Identify from the following species in which $$d^2sp^3$$ hybridization is shown by central atom:

We need to identify from the given options the species in which the central atom exhibits $$d^2sp^3$$ hybridization.

Statement (A): $$[Co(NH_3)_6]^{3+}$$ In this complex, the central cobalt atom is in the $$+3$$ oxidation state, giving it a $$3d^6$$ electronic configuration. Ammonia ($$NH_3$$) acts as a strong field ligand, forcing the unpaired electrons in the $$3d$$ orbitals to pair up. This leaves two internal $$3d$$ orbitals vacant, allowing the cobalt atom to undergo $$d^2sp^3$$ (inner orbital octahedral) hybridization. This is TRUE.

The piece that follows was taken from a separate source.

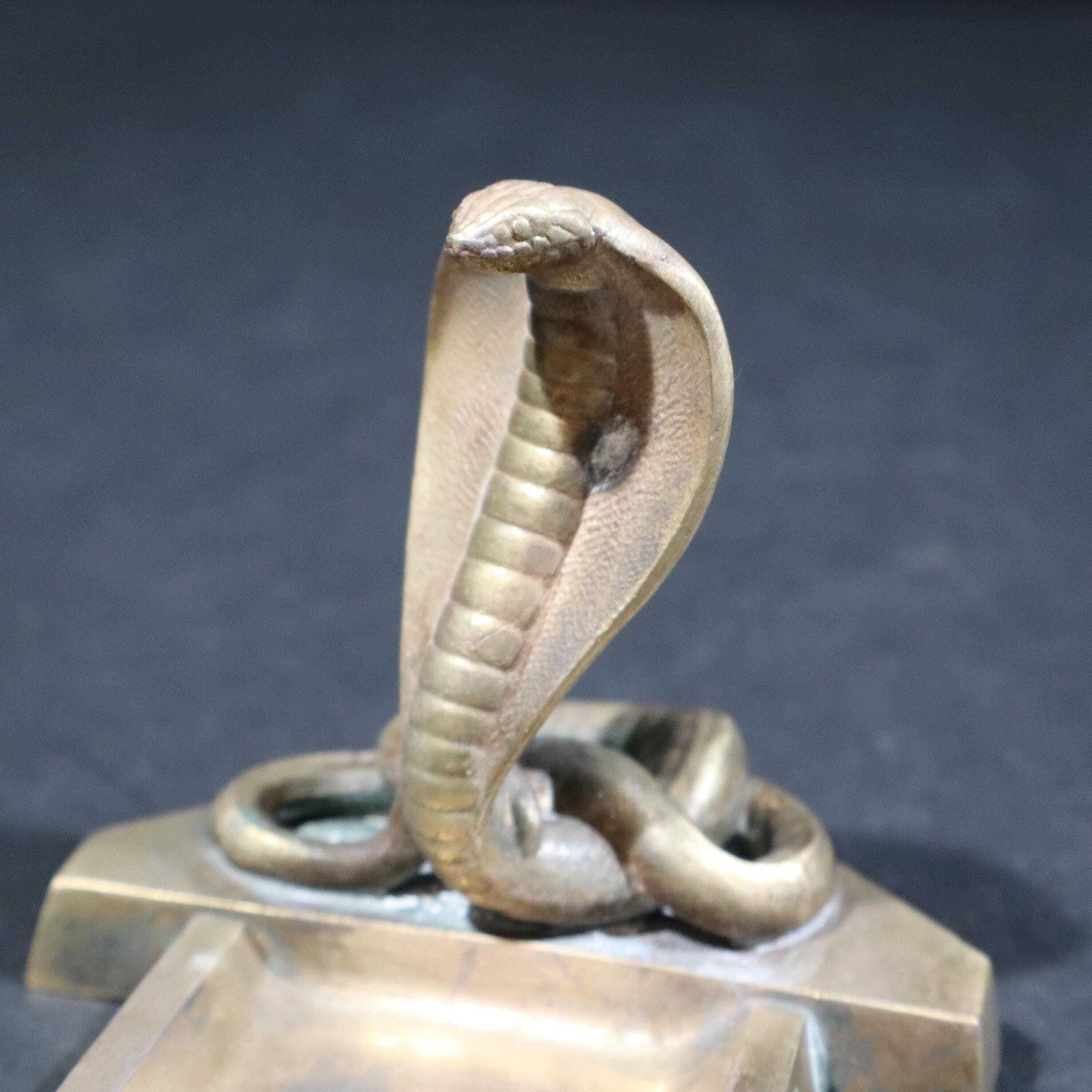 photo furniture French Bronze Ashtray With Cobra Snake Sculpture By A. Pichegru, 1930s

Statement (B): $$BrF_5$$ The central bromine atom has 7 valence electrons and forms 5 single bonds with fluorine atoms, leaving 1 lone pair. With a steric number of 6 ($$5 \text{ bond pairs} + 1 \text{ lone pair}$$), the hybridization of bromine is $$sp^3d^2$$ (outer orbital square pyramidal). This is FALSE.

Statement (C): $$[Pt(Cl)_4]^{2-}$$ Platinum(II) belongs to the $$5d$$ transition series and possesses a $$5d^8$$ configuration. Due to the high crystal field splitting energy of $$5d$$ elements, the electrons pair up even with weak ligands like chloride. With a coordination number of 4, it undergoes $$dsp^2$$ hybridization to form a square planar geometry. This is FALSE.

Statement (D): $$SF_6$$ The central sulfur atom has 6 valence electrons, all of which are shared with 6 fluorine atoms to form 6 bond pairs and 0 lone pairs. With a steric number of 6, it uses its outer $$d$$ orbitals, resulting in $$sp^3d^2$$ hybridization with an octahedral geometry. This is FALSE.

Therefore, only the central atom in $$[Co(NH_3)_6]^{3+}$$ shows $$d^2sp^3$$ hybridization.

Answer: Option A — $$[Co(NH_3)_6]^{3+}$$